§ Exercise aim
Beginning at the line containing "Φόρεμα διαφάνεια αμάνικο floral", give again every line through the end of the data, unchanged and with both ends included. Drop any pictures.

Web page caption snippets
---
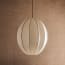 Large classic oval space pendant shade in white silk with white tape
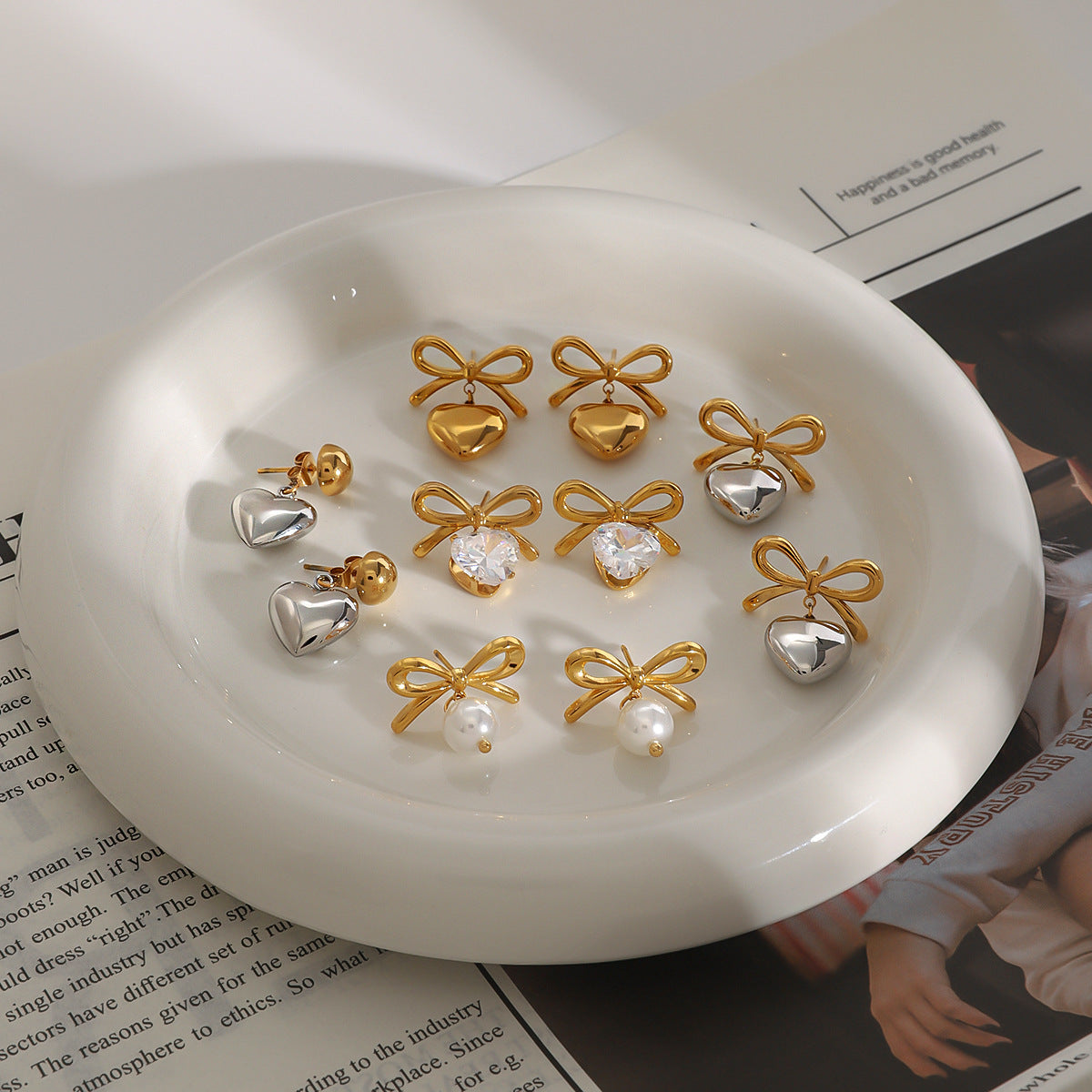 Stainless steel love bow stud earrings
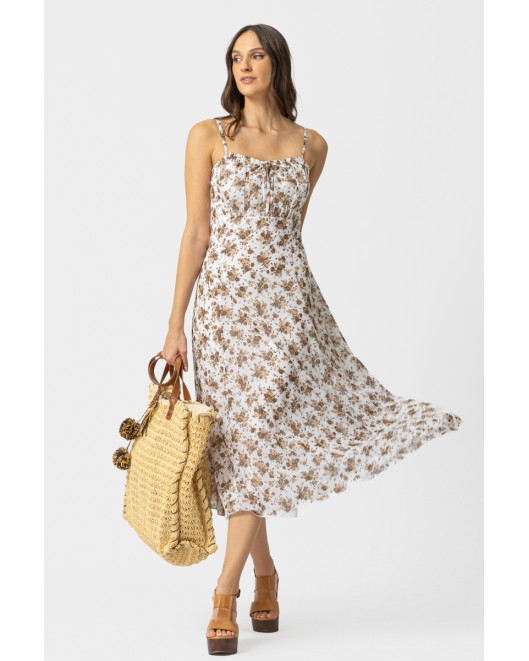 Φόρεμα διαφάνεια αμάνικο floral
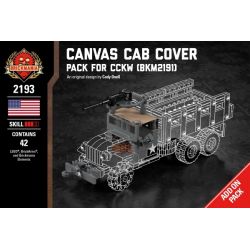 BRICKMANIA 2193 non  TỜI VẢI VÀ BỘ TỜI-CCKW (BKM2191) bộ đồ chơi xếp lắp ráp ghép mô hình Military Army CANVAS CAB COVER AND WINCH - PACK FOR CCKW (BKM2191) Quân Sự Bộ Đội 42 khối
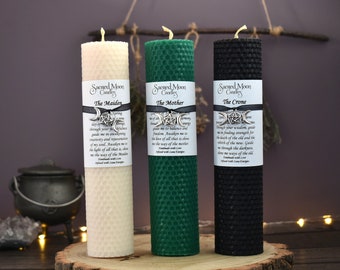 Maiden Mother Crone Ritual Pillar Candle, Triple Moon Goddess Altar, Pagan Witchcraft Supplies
---
§ Answer section
 Φόρεμα διαφάνεια αμάνικο floral
 BRICKMANIA 2193 non  TỜI VẢI VÀ BỘ TỜI-CCKW (BKM2191) bộ đồ chơi xếp lắp ráp ghép mô hình Military Army CANVAS CAB COVER AND WINCH - PACK FOR CCKW (BKM2191) Quân Sự Bộ Đội 42 khối
 Maiden Mother Crone Ritual Pillar Candle, Triple Moon Goddess Altar, Pagan Witchcraft Supplies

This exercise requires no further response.